▶ **Provided material**:
....................

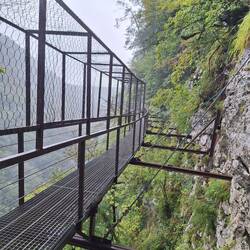 Leider ist die Aussicht im strömenden Regen eingeschränkt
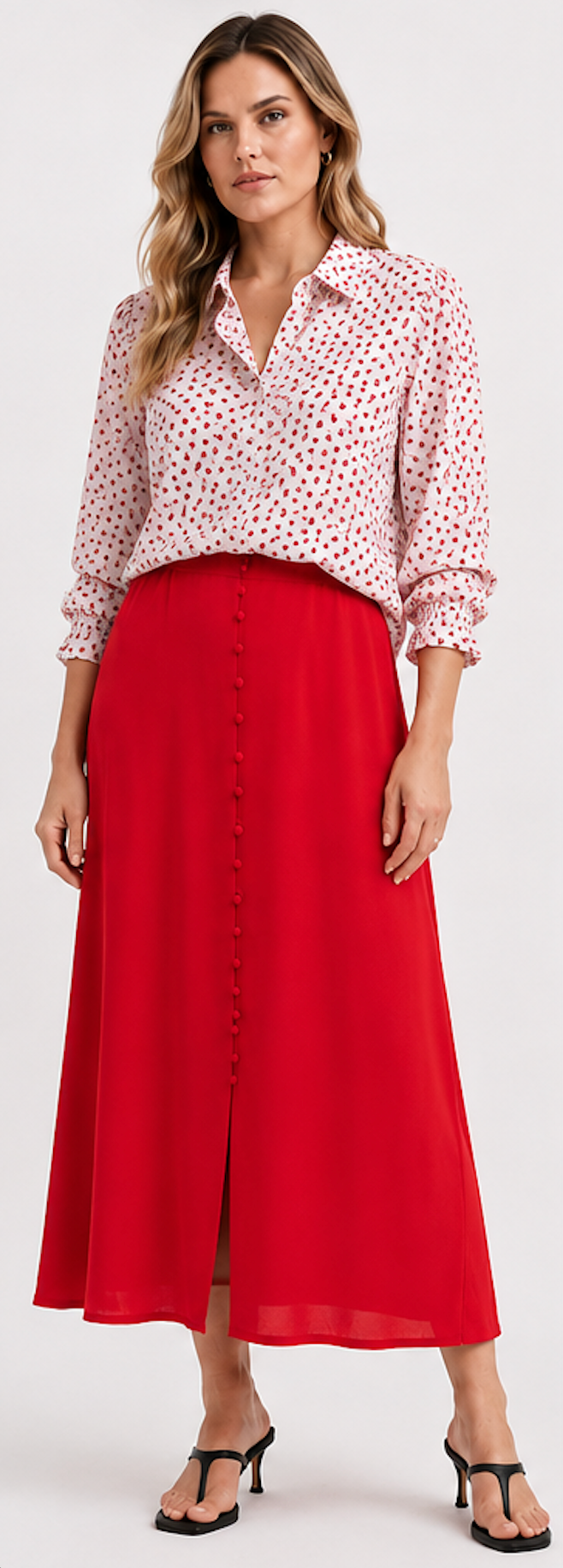 Button-Down Shirt, beachlunchlounge collection – Size XS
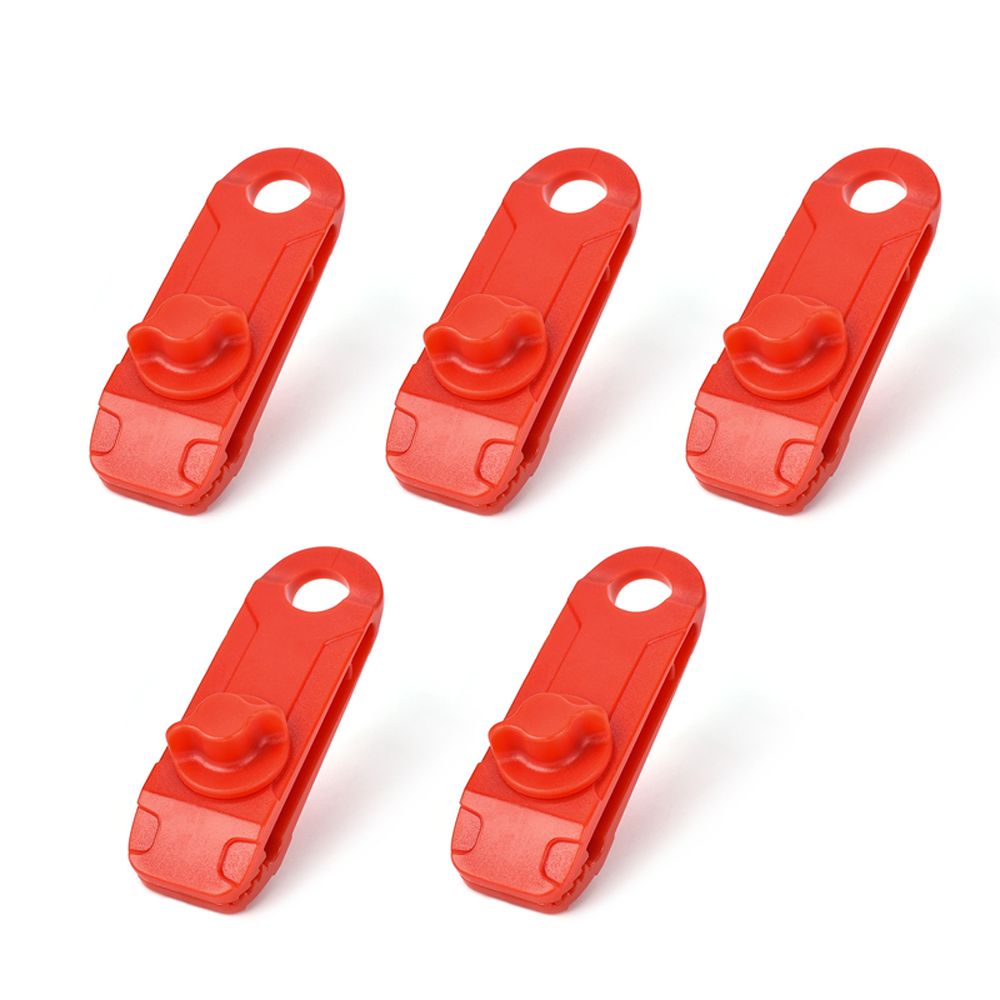 5PCS Tarpaulin Clip Tent Canopy Buckle Outdoor Wind Rope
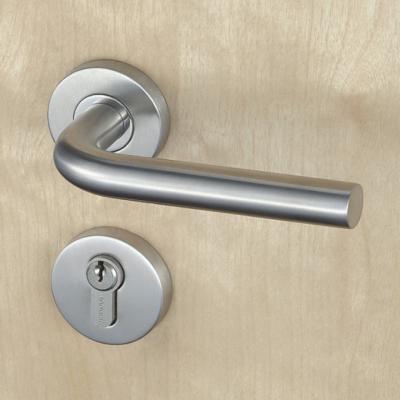 China Silver SUS304 Stainless Steel Escutcheon Lock Fire Proof For Residential for sale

....................

▶ **What is being asked**: Restate the whole listing above exactly, except for its images.

▶ **Your response**:
 Leider ist die Aussicht im strömenden Regen eingeschränkt
 Button-Down Shirt, beachlunchlounge collection – Size XS
 5PCS Tarpaulin Clip Tent Canopy Buckle Outdoor Wind Rope
 China Silver SUS304 Stainless Steel Escutcheon Lock Fire Proof For Residential for sale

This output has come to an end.